## Information supplied
- - - -

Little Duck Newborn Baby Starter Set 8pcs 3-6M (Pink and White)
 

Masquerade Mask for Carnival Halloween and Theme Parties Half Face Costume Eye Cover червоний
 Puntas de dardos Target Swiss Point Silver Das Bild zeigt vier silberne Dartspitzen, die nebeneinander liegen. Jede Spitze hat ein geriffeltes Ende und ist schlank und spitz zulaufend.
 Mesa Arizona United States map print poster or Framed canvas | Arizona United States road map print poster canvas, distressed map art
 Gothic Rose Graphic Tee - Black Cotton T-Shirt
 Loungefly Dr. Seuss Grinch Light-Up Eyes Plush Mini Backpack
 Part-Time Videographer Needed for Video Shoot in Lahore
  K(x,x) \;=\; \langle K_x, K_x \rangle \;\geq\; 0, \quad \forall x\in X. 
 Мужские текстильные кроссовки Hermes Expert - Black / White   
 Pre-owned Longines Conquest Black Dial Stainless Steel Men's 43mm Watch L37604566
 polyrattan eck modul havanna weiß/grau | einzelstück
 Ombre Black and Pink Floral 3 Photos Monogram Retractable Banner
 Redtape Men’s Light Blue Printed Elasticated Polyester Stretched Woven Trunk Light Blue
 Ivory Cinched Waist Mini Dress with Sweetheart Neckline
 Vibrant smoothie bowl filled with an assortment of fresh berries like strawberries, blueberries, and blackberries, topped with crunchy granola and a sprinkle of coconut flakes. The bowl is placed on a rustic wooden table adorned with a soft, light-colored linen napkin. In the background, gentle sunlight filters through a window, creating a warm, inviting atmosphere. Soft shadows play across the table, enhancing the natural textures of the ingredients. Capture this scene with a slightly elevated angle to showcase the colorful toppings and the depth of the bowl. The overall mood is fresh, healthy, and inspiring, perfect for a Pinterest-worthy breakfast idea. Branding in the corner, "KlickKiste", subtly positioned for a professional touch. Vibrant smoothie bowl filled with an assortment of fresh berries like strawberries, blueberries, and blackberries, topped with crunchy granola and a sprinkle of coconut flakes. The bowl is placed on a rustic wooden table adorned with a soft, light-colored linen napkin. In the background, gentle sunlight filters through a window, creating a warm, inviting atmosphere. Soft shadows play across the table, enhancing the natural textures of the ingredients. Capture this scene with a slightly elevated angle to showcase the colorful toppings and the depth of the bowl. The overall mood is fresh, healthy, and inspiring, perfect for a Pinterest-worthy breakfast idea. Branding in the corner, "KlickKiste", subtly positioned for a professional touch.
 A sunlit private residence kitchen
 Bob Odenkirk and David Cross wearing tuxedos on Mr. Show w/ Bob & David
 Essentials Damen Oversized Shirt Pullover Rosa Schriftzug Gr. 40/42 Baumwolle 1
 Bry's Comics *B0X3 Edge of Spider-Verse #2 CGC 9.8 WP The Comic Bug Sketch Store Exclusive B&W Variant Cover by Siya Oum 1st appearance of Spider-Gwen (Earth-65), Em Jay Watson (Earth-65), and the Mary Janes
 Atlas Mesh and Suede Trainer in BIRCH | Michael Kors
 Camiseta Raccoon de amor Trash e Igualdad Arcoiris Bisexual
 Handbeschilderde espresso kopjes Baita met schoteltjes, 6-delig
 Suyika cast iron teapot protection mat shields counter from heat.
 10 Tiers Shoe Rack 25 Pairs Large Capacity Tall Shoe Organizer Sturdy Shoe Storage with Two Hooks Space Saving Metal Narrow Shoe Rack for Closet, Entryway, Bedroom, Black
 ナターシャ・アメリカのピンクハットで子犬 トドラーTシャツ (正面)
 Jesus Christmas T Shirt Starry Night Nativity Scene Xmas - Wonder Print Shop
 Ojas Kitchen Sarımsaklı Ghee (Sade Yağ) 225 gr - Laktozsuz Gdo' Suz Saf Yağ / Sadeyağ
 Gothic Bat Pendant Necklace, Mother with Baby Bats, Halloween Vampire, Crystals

- - - -

## Problem to solve
The word "Gothic" appears in some of the lines above. Copy those lines.

## Solved exercise
 Gothic Rose Graphic Tee - Black Cotton T-Shirt
 Gothic Bat Pendant Necklace, Mother with Baby Bats, Halloween Vampire, Crystals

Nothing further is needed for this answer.